[RECORDS PROVIDED — start]
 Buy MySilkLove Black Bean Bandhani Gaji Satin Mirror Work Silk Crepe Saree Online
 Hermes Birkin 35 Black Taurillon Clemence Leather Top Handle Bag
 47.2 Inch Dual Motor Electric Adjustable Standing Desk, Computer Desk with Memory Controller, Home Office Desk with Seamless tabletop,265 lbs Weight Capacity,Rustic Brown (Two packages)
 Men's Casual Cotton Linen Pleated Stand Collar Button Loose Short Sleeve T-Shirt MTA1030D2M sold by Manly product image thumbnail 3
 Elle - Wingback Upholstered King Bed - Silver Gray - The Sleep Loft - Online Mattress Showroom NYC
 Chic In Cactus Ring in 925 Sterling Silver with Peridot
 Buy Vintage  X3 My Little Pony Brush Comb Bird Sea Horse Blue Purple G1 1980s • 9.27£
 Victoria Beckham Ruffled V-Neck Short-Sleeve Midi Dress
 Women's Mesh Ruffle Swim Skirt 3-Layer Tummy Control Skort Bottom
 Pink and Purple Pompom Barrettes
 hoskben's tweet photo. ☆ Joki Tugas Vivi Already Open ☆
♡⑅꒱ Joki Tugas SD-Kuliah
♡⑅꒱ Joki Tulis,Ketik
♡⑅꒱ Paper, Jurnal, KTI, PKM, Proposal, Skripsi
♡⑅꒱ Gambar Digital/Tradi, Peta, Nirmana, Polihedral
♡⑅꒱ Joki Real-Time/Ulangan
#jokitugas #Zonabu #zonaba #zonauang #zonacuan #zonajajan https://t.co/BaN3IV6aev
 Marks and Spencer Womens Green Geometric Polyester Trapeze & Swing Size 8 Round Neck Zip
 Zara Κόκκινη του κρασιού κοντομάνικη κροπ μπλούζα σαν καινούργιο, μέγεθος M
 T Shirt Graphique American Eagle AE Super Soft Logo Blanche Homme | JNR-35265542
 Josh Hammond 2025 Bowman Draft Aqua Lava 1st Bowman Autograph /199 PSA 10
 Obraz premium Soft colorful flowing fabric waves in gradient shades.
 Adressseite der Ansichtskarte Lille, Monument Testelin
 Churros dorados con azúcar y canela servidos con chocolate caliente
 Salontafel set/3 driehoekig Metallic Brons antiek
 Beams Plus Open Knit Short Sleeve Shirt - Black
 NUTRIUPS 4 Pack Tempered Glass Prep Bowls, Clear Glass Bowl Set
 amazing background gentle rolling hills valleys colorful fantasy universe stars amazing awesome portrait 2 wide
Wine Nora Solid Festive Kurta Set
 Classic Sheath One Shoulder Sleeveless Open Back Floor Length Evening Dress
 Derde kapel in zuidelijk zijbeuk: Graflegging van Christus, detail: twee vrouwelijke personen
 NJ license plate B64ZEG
[RECORDS PROVIDED — finish]
Beginning at the line that contains "Adressseite der Ansichtskarte", retype each line of the listing up to and including the last one, exactly as it stands, and nothing else.

 Adressseite der Ansichtskarte Lille, Monument Testelin
 Churros dorados con azúcar y canela servidos con chocolate caliente
 Salontafel set/3 driehoekig Metallic Brons antiek
 Beams Plus Open Knit Short Sleeve Shirt - Black
 NUTRIUPS 4 Pack Tempered Glass Prep Bowls, Clear Glass Bowl Set
 amazing background gentle rolling hills valleys colorful fantasy universe stars amazing awesome portrait 2 wide
Wine Nora Solid Festive Kurta Set
 Classic Sheath One Shoulder Sleeveless Open Back Floor Length Evening Dress
 Derde kapel in zuidelijk zijbeuk: Graflegging van Christus, detail: twee vrouwelijke personen
 NJ license plate B64ZEG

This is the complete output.